Attention | Topic was automatically imported from the old Question2Answer platform. | |
Asked By | Shimimple |
Context:
I’m writing a pathfinding algorithm (based on Navigation2D) that allows enemies chasing the player to find a staircase to go up if the player is at a different depth than them (I have a pseudo-3D depths system in my top-down game that behaves basically identically to how it does in Zelda Link to the Past). I have no troubles with my code, moreso curiosity for how one of my scripts will impact performance at lower-levels of code.
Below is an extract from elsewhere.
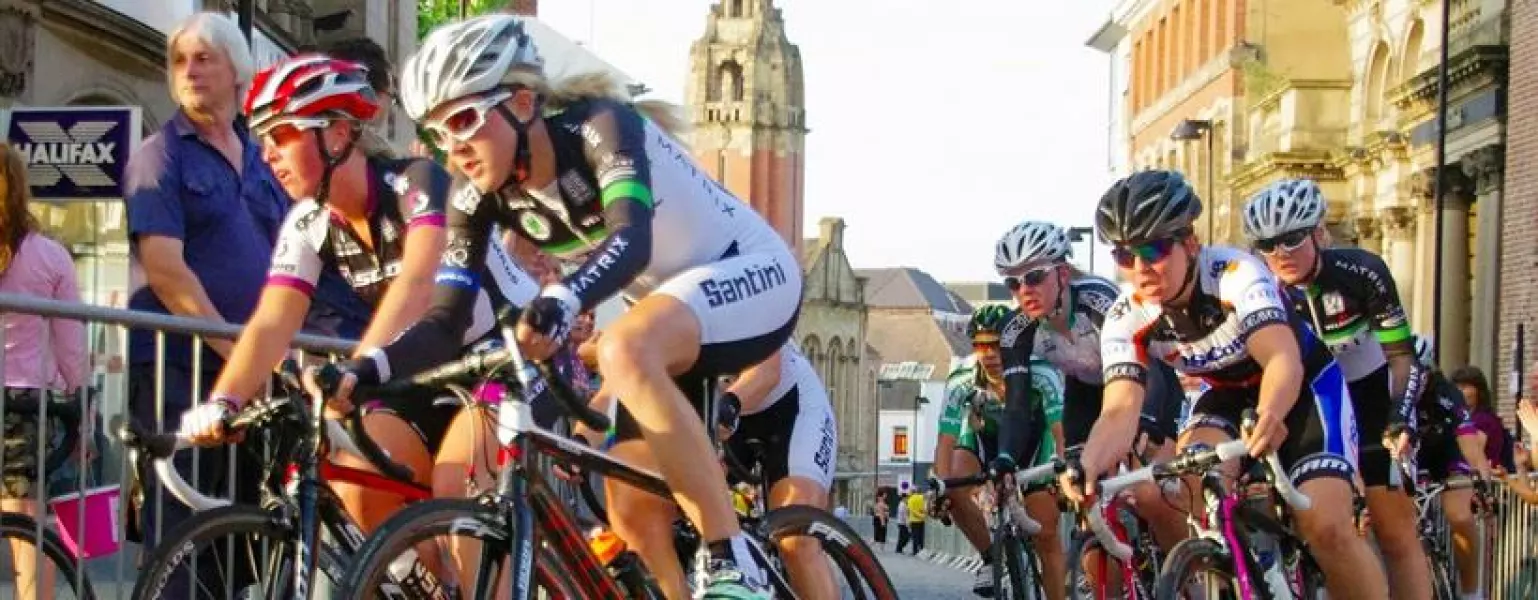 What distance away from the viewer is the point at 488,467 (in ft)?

I have a large Area2D that is instantiated for each enemy that, when the enemy detects that the player is at a different depth level than them, activates, and then gives the enemies’ pathfinding a new target: the first staircase that is picked up by their Area2D.
Actual Problem:
How would the following code impact performance?
func _on_SearchingArea_body_entered(body):
if body.is_in_group(“stairs”):
#rest of code
Would it try to scan every collidable object in the level (that’s roughly the size of the Area2D), or would it skip checking things that aren’t stairs, thus not lagging the game on lower-end machines?
I really haven’t learned much of Godot’s efficiency patterns and what goes on behind-the-scenes, so possibly a quick explanation of how Godot utilises the observer pattern would be what I need.